A set of scripts to easily download and import US legislative data into a Neo4j database. This is a work-in-progress, please submit an issue for any errors or feature requests.
The data model incorporates a small amount of the data available from GovTrack. Please submit an issue to request any changes / updates. We're really interested in how the commmunity might want to use this data so please let us know!
Also, this file has more detailed information about the data model.
This Cypher script will load data from the 114th Congress.
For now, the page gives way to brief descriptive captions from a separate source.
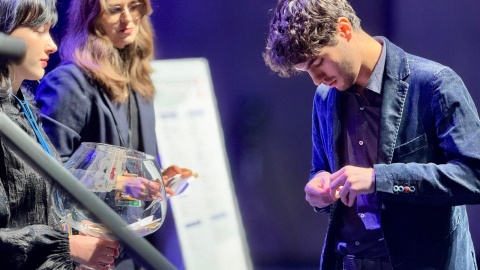 Przed koncertem inauguracyjnym uczestnicy Konkursu losowali kolejność występów i wybierali instrumenty/fot. Izabela Langner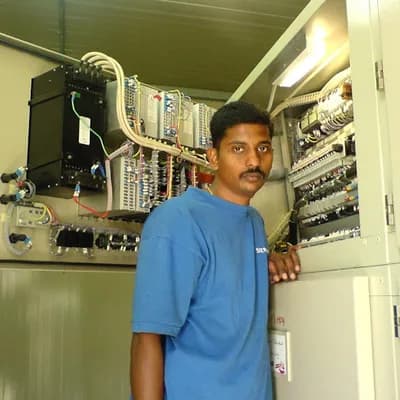 Electrician Service4U logo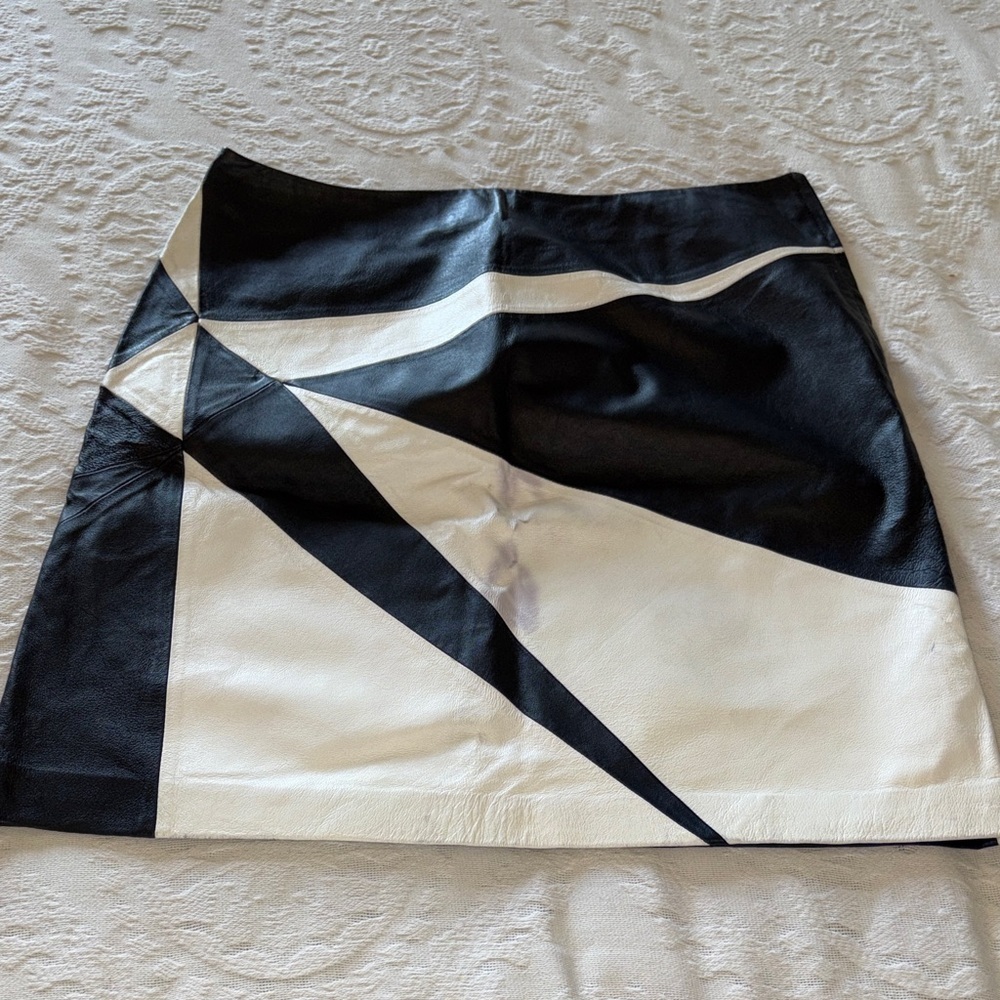 Vintage Newport News Black & White Geometric Leather Mini Skirt “stained” 18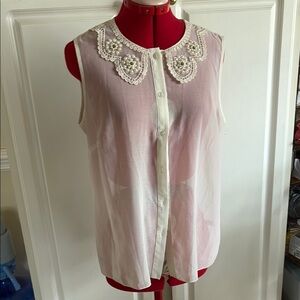 Sleeveless Blouse with Lace Collar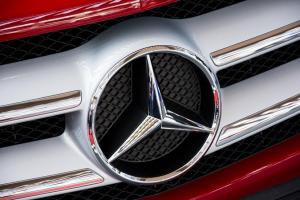 Daimler отзовет по всему миру около 1 млн новых Mercedes-Benz после 50 случаев возгорания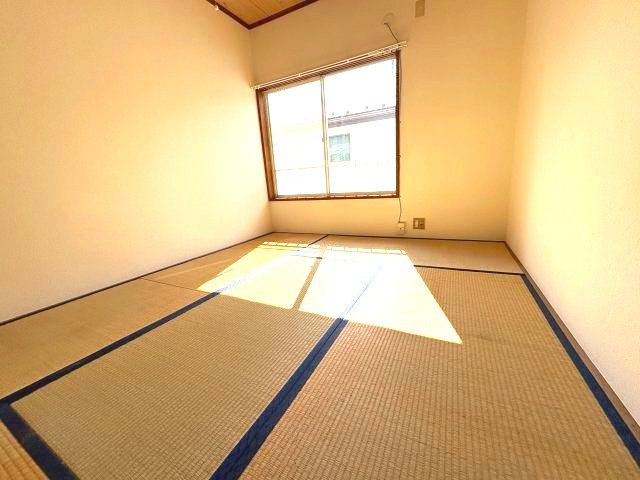 ハイツ宮森Ⅱの和室|和室があれば、来客や子供用のスペースとして活躍します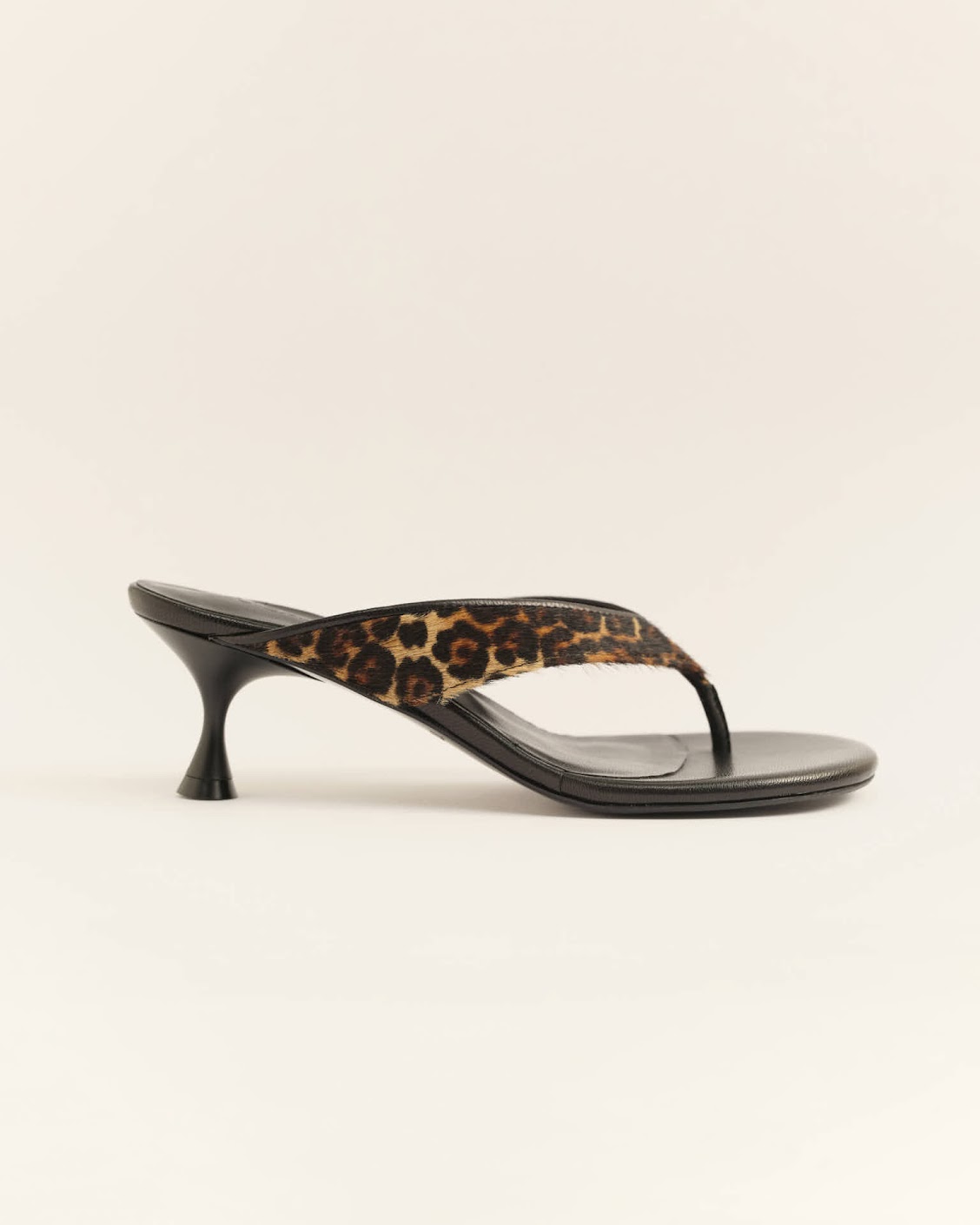 Low-heeled thong mules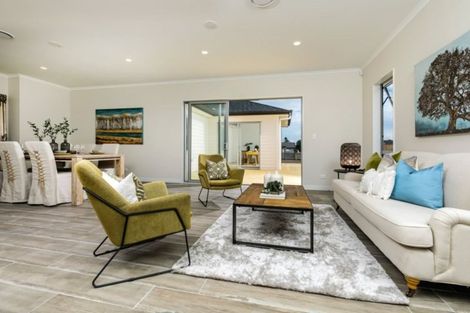 Photo of property in 16 Gilbransen Road, Kumeu, 0810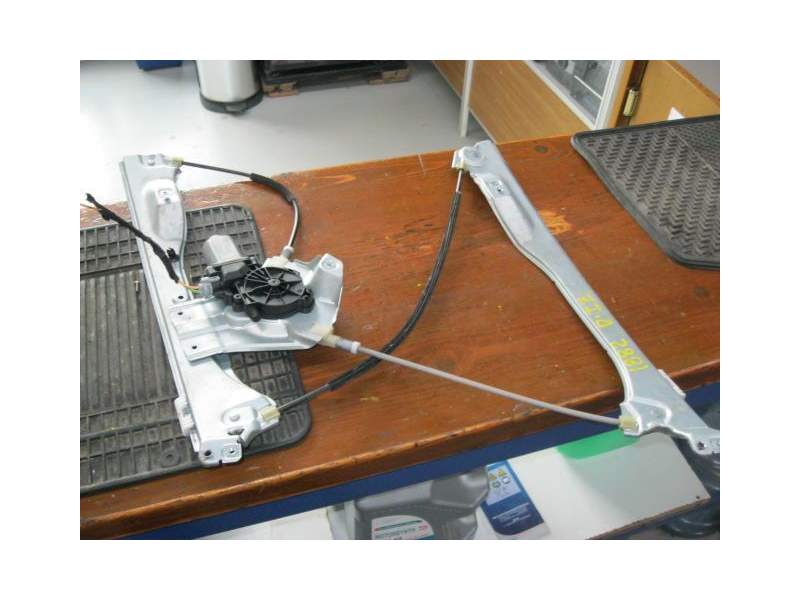 Recambio de elevalunas delantero izquierdo para renault clio iii (br0/1, cr0/1) 1.5 dci (br17, cr17) referencia OEM IAM ELECTRIC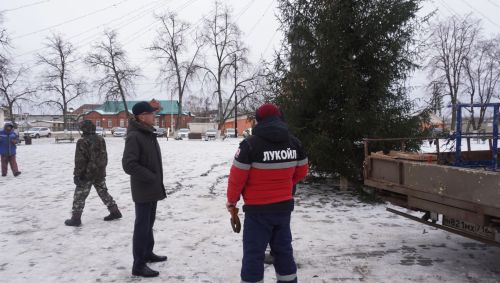 Глава района Аяз Шафигуллин ознакомился с ходом работ по подготовке площади районного дома культуры к новогодним мероприятиям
You can use the LazyWebCypher tool with this link.
We're currently working to streamline the data loading process, but for now you can follow these steps to load data.
pip3 install -r requirements.txt
Sync a particular congress by its number (so, for instance, for the 112th
congress, replace <num>
with 112
.
./sync.sh <num>
Use the parse scripts to parse the raw data into CSV files that can be easily loaded into Neo4j.
$ python3 parse_legislators.py
...
$ python3 parse_bills.py
...
$ python3 parse_votes.py
...
$ python3 parse_committees.py
...
$ python3 parse_committee_members.py
...
The scripts require Python 3.
See the steps documented here for configuring neo4j-shell
and pointing Neo4j to the CSV files generated in the previous step.
$ path/to/neo4j/bin/neo4j-shell < import.cypher
Once the data is loaded in Neo4j we can use queries written in Cypher to discover interesting things about Congress.
Find all Legislators:
MATCH (n:Legislator) RETURN n LIMIT 100
Find Steve Daines:
MATCH (n:Legislator {firstName: "Steve", lastName: "Daines"}) RETURN n
What Bills did Steve Daines sponsor?
MATCH (n:Legislator {firstName: "Steve", lastName: "Daines"})<-[:SPONSORED_BY]-(b:Bill) RETURN b
For how many Bills did Steve Daines vote Yea?
MATCH (n:Legislator {firstName: "Steve", lastName: "Daines"})-[v:VOTED_ON]->(b:Bill)
WHERE v.vote = "Yea"
RETURN b
Find the number of bills proposed during each congress in the database.
MATCH (c:Congress)<-[:PROPOSED_DURING]-(b:Bill)
RETURN c.number AS congress, count(b) as numProposed
Find the number of bills enacted in each congress in the database and the average number of sponsors bills had during that congress.
MATCH (c:Congress)<-[:PROPOSED_DURING]-(b:Bill)-[:SPONSORED_BY]->(l:Legislator)
WHERE b.enacted = 'True'
WITH c, b, count(l) AS numSponsors
RETURN c.number AS congress, count(b) AS numPassed, avg(numSponsors) AS avgSponsors
- Introducing legis-graph - US Congressional Data With Govtrack and Neo4j
- Congressional PageRank - Analyzing US Congress With Neo4j and Apache Spark
The software in this repository is provided "AS-IS" without warranties or guarantees of any kind. Data used by this software is provided by Govtrack.us and should be used under the terms specified by Govtrack.us here.